INPUT DATA »
########################################
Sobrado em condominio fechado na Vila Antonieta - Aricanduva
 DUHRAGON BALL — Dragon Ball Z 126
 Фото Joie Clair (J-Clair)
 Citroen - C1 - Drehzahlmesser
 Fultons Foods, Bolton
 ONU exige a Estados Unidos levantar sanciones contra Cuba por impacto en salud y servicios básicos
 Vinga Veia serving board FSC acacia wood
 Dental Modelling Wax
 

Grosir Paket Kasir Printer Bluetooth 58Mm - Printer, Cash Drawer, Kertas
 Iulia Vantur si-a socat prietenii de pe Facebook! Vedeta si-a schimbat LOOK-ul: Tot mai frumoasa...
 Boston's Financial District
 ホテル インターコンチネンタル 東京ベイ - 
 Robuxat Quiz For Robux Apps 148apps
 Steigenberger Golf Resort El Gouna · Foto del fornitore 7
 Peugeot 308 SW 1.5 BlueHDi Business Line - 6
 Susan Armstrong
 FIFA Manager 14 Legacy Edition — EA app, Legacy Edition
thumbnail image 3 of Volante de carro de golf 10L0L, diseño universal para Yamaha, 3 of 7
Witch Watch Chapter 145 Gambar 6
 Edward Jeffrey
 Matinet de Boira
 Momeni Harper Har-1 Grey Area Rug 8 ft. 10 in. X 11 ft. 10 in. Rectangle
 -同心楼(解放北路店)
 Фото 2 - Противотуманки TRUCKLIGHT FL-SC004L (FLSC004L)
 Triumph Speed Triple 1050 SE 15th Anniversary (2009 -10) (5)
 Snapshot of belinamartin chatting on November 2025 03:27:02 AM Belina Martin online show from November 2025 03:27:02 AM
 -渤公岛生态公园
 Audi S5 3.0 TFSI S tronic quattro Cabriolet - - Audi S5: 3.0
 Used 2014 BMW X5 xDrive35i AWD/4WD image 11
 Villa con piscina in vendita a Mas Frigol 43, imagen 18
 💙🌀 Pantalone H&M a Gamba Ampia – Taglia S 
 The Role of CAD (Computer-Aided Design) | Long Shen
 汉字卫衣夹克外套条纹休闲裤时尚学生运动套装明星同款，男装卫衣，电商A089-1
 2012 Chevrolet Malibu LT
########################################
PROBLEM » Exactly and only the lines from the line containing "Snapshot of belinamartin" through the final line of the records above must be returned.

EXPECTED OUTPUT »
 Snapshot of belinamartin chatting on November 2025 03:27:02 AM Belina Martin online show from November 2025 03:27:02 AM
 -渤公岛生态公园
 Audi S5 3.0 TFSI S tronic quattro Cabriolet - - Audi S5: 3.0
 Used 2014 BMW X5 xDrive35i AWD/4WD image 11
 Villa con piscina in vendita a Mas Frigol 43, imagen 18
 💙🌀 Pantalone H&M a Gamba Ampia – Taglia S 
 The Role of CAD (Computer-Aided Design) | Long Shen
 汉字卫衣夹克外套条纹休闲裤时尚学生运动套装明星同款，男装卫衣，电商A089-1
 2012 Chevrolet Malibu LT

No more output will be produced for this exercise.